Let's look at two more features of pivot tables that will allow you to do more complex investigations of your data. We learned that a Row in a pivot table specifies an aggregation or grouping of items for which you want to compute a value. A Column in a pivot table is just another grouping, but it displays the values across the top of the table.
Do the following:
➤ Using the Pivot table editor, select the Add button for Columns, then select gender from the list of options.
This will group your data by gender. The resulting table shows the average rating and count for each movie, but it is now also broken down by gender. The pivot table also preserves the "Grand Totals" which is what the data would look like if no columns were specified.
Applying a filter to a pivot table does the same thing as it does in a regular spreadsheet - it allows you to filter out values from the raw data.

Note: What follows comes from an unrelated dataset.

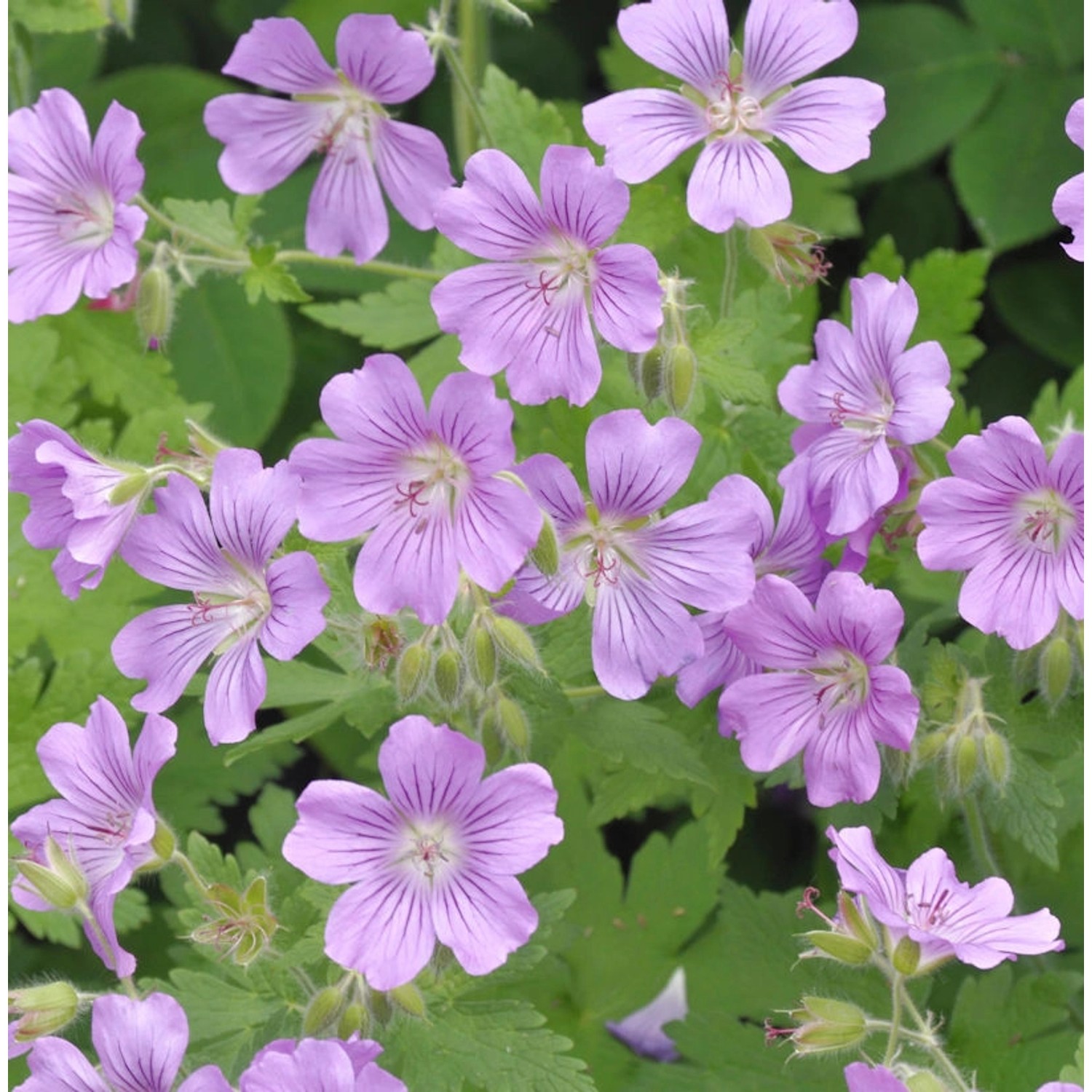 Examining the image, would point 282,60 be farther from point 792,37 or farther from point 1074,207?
point 1074,207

The video provided shows first filtering out 14-year-olds from the calculations, and then filtering out some of the movies. You don't have to do this, but in some instances it can be a very useful tool.
Do the following:
➤ Experiment with adding a Filter for age, date, movies, etc.

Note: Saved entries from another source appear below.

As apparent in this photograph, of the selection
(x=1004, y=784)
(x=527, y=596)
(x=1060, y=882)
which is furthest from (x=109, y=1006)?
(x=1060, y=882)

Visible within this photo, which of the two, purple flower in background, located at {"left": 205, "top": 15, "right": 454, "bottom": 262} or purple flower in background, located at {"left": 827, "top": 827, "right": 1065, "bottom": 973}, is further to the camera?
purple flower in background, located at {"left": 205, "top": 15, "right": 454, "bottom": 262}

If you want to maninpulate the data further, to sort or filter, you shouldn't do it in the live, active pivot table. Instead you should copy the table, and paste the values into a new spreadsheet. Note: "Paste Values" is not the same as a normal "Paste".
Do the following:
➤ Select the entire range of the pivot table and copy it, then create a new tab in the spreadsheet.
If you copy a pivot table and do a normal paste it will paste another copy of the active, live, responsive pivot table into a new tab. We don't want the active table; we just want the values it produced.

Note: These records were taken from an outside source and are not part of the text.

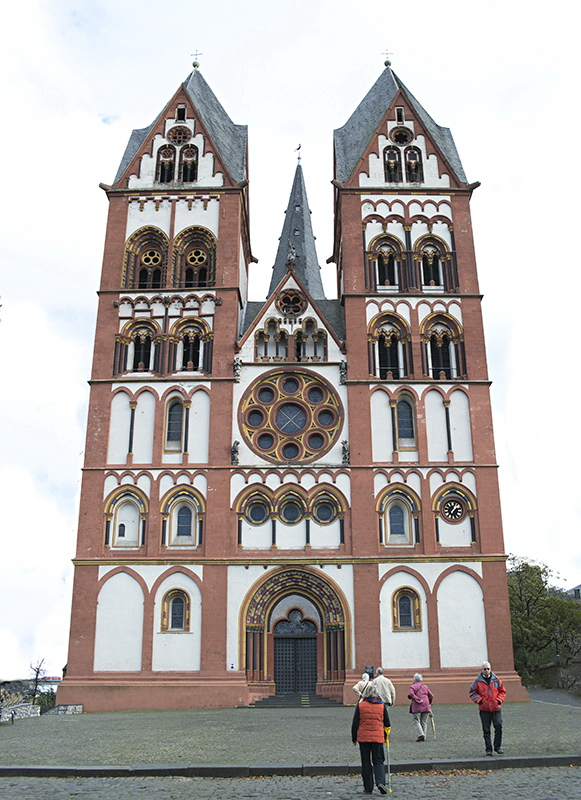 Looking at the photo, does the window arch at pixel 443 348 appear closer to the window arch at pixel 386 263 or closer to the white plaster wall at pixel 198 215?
the window arch at pixel 386 263

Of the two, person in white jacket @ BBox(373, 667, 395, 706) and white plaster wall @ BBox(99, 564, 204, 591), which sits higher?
white plaster wall @ BBox(99, 564, 204, 591)

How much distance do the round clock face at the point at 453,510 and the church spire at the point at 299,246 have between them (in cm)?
1408

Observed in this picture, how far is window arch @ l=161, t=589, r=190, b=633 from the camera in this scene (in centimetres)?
3325

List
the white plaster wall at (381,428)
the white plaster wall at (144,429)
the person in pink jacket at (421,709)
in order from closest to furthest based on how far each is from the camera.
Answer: the person in pink jacket at (421,709) < the white plaster wall at (381,428) < the white plaster wall at (144,429)

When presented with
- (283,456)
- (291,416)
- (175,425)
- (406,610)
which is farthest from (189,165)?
(406,610)

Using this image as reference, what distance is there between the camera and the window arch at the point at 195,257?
1556 inches

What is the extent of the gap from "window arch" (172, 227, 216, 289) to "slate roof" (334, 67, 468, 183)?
772 cm

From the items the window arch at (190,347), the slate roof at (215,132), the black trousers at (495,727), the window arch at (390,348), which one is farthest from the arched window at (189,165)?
the black trousers at (495,727)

You probably want to add/change column headings to display on the table, especially to use it for charting.
Do the following:
➤ Manually edit the table so that it matches the example provided, including:
Change the column heading and make them bold.
Limit the decimal places to 2 and adjust the column widths accordingly.
From cleaning that up, plus some filtering we can make a chart of movies where the differences between male and female ratings are significant.
You can learn more about further analyzing your data to create charts in the Visualizing Data Tutorial.
A summary table can be a good first step toward a great visualization. You often want to summarize data first, then chart it, so you can see larger connections or patterns. Summary tables also don't have to be small! You might make a summary table that is still too big or full of numbers to see any trends in the data.
However, if you chart the results, you will more easily be able to see trends and patterns emerge from the data visualization.